API key best practices
Developer API keys live under Settings → Developers → API keys. A few practices that materially reduce blast-radius if a key is ever leaked:
- Scope keys to what they need. A key that only reads orders shouldn't have
gift_cards:redeem. We make scope selection explicit when you create the key. - Use a test key first.
zk_test_…keys point at your test mode merchant; they can't touch real customer data or money. - IP-restrict production keys. If your integration runs from a known IP range, add it as an allow-list when you create the key. We'll reject any request from outside that range, even if the key is correct.
- Rotate on suspicion, revoke immediately on confirmation. Revoked keys stop working instantly — there's no caching delay.
- Watch the anomaly alerts. If a key starts producing an unusual rate of 4xx or 5xx responses, you'll get an email. Investigate before re-using.
What to do when you receive a customer data request
Under the GDPR (EU/UK) and the Australian Privacy Act, customers have the right to ask for a copy of the data you hold on them, to have it deleted, or to have it corrected. Customers can submit these requests directly from your storefront — there's a "Data request" link in the storefront footer that opens a verified web form.
When a customer submits a request, both you and the customer receive an email. The request lands in your dashboard at Customers → Data requests.
- Verify the customer. The storefront form already requires email verification before the request reaches you, but spot-check that the email matches an order in your records.
- For access requests: click "Fulfill" and we'll generate a JSON download covering every order, gift card, ticket, voucher, booking, and membership tied to that email — plus a copy of the customer record itself.
- For deletion requests: click "Fulfill" and we'll anonymise the personal-data fields on every record (name →
[redacted], email →[redacted], phone →[redacted]) while keeping the financial fields needed for your tax records. The customer row itself is deleted. - Respond to the customer. We'll send them a confirmation email automatically; if you want to add a personal note, copy them on a reply.
You have 30 days under GDPR (and equivalent timeframes under Australian and NZ privacy law) to respond to a verified data subject request. The dashboard shows a countdown timer per request so you don't miss the deadline.

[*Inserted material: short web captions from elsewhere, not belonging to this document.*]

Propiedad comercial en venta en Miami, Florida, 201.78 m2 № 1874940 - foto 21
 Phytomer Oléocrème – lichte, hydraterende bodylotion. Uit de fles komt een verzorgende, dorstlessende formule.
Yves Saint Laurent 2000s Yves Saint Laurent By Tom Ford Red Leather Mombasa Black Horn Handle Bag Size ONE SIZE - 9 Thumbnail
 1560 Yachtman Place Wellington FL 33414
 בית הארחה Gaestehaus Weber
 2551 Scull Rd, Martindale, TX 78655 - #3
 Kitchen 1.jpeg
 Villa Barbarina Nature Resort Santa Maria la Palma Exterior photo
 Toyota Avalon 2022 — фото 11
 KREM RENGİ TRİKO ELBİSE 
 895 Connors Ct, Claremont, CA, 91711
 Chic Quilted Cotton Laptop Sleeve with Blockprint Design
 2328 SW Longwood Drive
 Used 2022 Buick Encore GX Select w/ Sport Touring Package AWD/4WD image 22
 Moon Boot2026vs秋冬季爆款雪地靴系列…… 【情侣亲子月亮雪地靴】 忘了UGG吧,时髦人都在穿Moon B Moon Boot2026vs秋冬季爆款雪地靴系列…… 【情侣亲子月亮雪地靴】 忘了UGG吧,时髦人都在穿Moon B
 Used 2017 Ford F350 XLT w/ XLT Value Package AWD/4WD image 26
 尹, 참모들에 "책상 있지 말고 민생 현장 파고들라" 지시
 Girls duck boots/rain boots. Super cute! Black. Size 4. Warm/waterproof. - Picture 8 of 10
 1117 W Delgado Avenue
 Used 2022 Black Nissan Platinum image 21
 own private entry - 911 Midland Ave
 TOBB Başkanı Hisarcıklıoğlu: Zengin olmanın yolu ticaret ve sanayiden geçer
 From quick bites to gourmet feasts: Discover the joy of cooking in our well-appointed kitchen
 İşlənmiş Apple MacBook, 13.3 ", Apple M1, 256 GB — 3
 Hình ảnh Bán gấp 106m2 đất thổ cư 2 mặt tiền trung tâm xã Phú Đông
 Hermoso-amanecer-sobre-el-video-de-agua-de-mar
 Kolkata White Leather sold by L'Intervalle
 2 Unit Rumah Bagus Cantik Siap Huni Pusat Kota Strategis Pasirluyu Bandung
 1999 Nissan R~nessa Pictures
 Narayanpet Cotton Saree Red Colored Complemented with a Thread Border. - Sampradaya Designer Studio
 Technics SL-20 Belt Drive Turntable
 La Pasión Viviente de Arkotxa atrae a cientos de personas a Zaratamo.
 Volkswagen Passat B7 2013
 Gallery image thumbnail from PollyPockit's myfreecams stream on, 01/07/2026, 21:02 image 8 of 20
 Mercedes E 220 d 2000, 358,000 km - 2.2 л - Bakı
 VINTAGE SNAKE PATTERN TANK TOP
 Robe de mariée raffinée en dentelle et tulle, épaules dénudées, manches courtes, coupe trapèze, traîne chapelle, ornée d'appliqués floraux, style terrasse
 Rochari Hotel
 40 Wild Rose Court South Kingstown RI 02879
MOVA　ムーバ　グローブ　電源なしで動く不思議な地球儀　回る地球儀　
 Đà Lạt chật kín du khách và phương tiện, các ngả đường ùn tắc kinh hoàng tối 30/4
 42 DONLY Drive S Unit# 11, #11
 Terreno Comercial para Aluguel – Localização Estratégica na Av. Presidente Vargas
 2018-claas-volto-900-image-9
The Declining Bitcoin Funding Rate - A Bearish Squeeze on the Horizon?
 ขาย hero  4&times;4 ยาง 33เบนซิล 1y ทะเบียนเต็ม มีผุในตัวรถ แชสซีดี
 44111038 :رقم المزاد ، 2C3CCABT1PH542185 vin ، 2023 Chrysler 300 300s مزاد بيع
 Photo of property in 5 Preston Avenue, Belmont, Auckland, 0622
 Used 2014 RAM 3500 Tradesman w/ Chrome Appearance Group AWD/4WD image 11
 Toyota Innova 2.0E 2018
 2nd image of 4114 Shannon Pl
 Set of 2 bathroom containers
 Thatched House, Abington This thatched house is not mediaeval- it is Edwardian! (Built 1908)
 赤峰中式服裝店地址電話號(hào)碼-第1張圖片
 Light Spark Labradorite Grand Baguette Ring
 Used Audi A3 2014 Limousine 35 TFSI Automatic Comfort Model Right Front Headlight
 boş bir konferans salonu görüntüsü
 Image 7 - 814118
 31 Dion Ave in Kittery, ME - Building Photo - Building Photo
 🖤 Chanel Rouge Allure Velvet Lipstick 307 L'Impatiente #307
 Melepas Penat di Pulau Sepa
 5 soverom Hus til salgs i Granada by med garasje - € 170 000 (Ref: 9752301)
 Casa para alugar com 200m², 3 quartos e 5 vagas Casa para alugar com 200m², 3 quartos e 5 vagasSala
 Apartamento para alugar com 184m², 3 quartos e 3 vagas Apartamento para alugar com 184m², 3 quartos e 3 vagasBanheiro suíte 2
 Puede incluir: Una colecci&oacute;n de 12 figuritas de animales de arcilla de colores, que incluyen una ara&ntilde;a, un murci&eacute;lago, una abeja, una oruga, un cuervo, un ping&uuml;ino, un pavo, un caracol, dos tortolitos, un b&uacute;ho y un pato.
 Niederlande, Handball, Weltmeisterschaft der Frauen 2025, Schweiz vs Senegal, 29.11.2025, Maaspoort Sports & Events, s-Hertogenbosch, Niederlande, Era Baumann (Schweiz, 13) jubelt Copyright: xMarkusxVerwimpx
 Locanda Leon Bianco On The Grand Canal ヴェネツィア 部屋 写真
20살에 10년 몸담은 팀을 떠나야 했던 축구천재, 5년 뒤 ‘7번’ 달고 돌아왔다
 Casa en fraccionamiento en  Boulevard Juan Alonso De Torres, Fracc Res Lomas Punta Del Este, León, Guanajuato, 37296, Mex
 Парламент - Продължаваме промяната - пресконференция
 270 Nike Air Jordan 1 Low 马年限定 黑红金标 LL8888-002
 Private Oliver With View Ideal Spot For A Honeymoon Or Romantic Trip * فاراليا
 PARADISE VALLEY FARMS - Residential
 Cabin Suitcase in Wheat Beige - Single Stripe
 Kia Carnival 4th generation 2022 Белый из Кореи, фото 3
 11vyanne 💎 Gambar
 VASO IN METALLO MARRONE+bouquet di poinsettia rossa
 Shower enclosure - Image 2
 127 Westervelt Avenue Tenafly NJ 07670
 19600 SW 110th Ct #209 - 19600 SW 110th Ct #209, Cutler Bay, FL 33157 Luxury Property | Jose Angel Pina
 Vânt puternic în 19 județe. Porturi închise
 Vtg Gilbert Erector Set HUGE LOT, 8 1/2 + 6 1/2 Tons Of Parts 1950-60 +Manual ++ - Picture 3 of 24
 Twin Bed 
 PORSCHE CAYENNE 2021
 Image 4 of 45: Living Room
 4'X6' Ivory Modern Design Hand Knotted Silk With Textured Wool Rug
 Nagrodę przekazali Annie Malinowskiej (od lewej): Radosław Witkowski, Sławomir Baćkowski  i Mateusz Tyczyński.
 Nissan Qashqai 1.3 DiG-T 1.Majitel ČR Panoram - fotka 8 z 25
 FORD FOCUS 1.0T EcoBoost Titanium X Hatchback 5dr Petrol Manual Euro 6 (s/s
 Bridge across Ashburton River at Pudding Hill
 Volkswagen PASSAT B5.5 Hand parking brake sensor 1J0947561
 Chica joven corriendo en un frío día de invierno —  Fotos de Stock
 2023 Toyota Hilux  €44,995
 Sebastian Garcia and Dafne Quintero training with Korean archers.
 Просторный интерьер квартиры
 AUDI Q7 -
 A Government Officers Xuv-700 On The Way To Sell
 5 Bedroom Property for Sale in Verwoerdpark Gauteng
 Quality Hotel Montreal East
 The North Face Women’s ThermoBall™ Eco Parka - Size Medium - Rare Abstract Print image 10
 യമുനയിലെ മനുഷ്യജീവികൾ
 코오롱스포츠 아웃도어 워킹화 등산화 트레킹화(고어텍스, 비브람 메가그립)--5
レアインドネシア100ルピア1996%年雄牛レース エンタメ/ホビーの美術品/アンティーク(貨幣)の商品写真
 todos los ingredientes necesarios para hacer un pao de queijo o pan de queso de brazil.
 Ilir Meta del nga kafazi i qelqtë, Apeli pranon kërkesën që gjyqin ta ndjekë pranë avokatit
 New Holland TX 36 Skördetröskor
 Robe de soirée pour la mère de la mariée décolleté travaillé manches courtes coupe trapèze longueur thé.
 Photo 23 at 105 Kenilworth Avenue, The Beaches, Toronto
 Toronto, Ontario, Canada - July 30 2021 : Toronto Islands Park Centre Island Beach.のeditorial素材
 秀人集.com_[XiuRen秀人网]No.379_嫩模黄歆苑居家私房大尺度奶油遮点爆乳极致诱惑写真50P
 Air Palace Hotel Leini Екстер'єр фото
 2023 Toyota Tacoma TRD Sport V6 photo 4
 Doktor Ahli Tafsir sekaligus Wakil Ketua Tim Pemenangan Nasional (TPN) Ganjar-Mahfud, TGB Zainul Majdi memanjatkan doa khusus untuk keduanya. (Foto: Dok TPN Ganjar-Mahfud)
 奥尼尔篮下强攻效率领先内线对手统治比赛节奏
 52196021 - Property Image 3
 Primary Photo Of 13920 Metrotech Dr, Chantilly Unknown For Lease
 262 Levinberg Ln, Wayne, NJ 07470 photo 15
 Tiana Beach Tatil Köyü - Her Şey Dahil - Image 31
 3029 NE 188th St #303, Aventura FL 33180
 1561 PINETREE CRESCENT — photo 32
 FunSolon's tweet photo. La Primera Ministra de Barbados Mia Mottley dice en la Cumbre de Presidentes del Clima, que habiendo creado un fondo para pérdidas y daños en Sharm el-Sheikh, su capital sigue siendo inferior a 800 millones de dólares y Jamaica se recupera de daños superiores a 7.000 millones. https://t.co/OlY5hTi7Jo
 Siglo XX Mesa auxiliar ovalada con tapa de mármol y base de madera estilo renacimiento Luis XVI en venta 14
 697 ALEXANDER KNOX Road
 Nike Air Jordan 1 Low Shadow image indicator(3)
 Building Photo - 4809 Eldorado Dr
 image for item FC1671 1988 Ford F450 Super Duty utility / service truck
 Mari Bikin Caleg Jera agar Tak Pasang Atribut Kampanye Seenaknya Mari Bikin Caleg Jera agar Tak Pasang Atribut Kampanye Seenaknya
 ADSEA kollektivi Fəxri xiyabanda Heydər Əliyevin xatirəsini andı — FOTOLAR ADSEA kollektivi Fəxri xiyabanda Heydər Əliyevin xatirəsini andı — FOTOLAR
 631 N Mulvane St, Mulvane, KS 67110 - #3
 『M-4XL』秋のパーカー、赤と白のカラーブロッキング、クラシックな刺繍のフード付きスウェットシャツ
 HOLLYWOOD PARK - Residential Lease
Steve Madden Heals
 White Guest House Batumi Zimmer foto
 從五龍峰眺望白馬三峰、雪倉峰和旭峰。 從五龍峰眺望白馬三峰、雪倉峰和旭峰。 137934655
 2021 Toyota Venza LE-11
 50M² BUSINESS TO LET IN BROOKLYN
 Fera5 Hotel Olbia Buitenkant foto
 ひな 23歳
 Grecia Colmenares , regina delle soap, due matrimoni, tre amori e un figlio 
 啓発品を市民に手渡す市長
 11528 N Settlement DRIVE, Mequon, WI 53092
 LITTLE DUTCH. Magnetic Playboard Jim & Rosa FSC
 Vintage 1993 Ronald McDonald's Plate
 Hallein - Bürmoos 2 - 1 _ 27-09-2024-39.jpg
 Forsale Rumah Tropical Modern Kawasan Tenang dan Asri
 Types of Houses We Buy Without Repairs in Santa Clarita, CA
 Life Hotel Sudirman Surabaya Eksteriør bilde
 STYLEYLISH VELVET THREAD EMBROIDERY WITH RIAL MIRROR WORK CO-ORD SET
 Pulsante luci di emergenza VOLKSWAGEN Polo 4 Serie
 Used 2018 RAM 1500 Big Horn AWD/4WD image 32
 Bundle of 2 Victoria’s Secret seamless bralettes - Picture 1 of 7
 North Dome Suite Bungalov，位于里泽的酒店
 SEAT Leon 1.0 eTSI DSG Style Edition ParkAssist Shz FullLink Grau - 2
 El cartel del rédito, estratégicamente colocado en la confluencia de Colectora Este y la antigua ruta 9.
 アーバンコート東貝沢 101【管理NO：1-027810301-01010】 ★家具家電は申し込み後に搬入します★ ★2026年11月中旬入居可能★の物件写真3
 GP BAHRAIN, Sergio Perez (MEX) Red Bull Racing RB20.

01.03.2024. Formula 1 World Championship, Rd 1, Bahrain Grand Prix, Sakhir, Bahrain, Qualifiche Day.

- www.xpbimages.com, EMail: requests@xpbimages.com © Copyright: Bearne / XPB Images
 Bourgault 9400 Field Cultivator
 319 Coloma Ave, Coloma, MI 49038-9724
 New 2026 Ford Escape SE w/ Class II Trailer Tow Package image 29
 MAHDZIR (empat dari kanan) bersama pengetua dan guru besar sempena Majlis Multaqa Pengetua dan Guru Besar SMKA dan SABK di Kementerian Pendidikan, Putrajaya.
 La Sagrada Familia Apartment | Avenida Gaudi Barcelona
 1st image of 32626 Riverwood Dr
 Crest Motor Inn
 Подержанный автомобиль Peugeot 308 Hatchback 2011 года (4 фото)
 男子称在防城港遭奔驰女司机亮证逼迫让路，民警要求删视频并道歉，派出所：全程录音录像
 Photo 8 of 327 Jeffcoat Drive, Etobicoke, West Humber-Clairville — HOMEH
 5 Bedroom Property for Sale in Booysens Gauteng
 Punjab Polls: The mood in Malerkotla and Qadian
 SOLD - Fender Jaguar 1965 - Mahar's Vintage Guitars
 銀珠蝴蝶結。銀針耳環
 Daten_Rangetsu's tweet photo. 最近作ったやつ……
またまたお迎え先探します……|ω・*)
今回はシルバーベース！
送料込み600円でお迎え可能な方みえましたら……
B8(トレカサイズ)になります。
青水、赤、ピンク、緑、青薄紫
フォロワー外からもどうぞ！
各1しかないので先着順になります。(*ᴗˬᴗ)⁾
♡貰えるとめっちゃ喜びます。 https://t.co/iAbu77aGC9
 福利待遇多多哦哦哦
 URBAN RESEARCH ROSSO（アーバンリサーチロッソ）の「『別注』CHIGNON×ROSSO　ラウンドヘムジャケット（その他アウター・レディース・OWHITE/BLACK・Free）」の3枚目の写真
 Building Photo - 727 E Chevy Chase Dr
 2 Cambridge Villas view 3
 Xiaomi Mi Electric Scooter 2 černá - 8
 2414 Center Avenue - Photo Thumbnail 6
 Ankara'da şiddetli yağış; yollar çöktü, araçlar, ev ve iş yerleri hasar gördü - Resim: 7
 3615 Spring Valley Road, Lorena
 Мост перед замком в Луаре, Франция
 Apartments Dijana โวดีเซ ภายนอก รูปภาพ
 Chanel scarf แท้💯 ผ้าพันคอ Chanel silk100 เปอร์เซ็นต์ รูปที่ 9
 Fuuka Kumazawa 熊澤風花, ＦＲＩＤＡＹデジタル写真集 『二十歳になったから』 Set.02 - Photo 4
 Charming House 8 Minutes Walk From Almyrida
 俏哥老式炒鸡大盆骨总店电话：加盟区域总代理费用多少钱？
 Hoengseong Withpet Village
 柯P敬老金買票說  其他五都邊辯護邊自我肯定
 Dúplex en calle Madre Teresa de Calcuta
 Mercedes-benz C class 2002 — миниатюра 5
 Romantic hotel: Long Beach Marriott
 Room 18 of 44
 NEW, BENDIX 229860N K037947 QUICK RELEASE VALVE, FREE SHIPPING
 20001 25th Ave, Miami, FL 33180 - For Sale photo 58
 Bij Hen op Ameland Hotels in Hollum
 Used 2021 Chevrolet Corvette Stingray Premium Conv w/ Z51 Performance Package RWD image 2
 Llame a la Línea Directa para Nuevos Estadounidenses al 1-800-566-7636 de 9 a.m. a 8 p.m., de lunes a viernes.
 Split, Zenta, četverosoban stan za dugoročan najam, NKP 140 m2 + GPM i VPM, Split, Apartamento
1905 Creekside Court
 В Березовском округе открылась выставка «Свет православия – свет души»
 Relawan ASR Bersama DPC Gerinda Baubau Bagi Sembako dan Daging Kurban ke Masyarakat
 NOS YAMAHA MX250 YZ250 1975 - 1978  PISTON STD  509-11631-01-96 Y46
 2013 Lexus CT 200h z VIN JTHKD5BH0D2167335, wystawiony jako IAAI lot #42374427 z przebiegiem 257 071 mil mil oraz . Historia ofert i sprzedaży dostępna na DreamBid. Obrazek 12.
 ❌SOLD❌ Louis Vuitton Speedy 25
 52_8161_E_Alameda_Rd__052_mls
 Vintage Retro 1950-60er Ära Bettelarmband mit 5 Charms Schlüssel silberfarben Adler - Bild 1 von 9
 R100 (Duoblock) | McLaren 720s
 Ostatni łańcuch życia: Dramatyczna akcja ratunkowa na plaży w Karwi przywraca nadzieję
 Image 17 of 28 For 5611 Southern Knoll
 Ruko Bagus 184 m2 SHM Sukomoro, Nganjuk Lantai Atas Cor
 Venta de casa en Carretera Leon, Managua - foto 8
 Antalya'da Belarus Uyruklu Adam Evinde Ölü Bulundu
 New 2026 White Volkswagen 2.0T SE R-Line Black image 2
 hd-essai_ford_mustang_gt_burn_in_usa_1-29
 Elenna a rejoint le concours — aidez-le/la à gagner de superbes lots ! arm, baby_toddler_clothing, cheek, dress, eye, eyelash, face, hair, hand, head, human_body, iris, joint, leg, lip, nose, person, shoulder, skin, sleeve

If you'd like Zillo to handle a request on your behalf — for example because you're on holiday, or the customer is challenging your retention decision — email privacy@zillo.app and we'll step in.
Closing a Zillo account
If you decide to close your Zillo store entirely, an owner can request deletion from Settings → Account → Close account.
- Confirm by typing your store slug. This prevents accidental clicks.
- Your storefront becomes "Closing soon" immediately. No new orders can be taken; existing customers can still redeem their gift cards / tickets until your scheduled deletion date.
- You have 90 days to cancel. Just click "Restore my account" in the same place — everything comes back.
- After 90 days, the account is permanently deleted from active systems. Backups are purged within a further 35 days.
Some records are retained (in anonymised form) for 7 years to satisfy Australian tax obligations — the personal-data fields are wiped; the financial rows stay so your historical accounts reconcile.
Reporting a security issue
If you believe you've found a vulnerability — a way to access another merchant's data, a way to bypass authentication, an XSS in the dashboard — please email security@zillo.app.
Our full vulnerability disclosure policy is at zillo.app/security#disclosure:
- We acknowledge reports within 3 business days.
- We won't pursue legal action against good-faith researchers.
- We don't pay bounties today, but we're happy to publicly credit reporters who'd like recognition.
For machine-readable contact info we publish security.txt at the standard well-known path.